* The task:
In the records that follow, find each line containing "vector" and copy it.

** Exercise data follows **

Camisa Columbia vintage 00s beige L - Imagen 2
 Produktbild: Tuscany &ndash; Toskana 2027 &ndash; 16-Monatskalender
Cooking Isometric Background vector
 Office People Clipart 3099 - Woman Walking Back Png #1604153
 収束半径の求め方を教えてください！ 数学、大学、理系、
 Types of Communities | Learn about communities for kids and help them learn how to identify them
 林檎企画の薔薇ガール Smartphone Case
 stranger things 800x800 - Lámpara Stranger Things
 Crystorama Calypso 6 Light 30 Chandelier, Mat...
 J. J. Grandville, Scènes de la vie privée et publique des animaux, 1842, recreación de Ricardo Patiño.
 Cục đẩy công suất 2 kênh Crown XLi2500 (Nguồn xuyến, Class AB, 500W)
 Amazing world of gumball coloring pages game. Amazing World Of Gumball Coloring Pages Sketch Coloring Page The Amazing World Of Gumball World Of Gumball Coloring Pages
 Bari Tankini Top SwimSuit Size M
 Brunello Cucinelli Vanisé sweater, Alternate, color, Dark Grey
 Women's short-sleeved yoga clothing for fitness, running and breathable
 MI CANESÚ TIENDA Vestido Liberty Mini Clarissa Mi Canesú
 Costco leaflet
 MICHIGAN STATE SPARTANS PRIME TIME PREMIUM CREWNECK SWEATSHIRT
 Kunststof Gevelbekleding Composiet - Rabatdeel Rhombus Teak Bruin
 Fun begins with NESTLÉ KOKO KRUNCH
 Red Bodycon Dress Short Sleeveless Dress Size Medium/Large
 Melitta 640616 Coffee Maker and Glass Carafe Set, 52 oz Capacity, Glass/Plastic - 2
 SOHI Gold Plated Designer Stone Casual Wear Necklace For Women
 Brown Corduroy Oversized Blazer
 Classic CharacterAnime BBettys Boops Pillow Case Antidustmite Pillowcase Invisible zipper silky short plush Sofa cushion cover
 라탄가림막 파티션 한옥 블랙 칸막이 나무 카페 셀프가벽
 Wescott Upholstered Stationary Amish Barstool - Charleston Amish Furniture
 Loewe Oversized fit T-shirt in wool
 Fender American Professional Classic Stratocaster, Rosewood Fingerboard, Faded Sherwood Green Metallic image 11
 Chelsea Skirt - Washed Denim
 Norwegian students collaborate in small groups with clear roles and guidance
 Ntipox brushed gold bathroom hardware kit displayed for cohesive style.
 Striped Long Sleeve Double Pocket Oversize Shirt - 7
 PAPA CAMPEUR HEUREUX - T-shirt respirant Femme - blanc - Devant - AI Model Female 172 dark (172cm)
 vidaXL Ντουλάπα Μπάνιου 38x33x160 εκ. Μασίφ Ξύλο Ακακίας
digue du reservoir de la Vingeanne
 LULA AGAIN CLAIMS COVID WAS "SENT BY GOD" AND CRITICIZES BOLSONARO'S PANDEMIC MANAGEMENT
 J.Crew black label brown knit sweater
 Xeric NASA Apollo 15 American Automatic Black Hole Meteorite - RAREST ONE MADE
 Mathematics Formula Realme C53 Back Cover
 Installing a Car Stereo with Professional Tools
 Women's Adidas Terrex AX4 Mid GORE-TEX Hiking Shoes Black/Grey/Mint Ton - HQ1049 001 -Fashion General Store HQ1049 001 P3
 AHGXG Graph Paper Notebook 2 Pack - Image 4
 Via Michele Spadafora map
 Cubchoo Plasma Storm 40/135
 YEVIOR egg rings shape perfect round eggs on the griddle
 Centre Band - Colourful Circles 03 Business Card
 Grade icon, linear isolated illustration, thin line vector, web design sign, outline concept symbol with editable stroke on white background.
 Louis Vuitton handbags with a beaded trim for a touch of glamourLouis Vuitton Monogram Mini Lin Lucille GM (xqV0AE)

** End of Exercise data **

* Output below:
Cooking Isometric Background vector
 Grade icon, linear isolated illustration, thin line vector, web design sign, outline concept symbol with editable stroke on white background.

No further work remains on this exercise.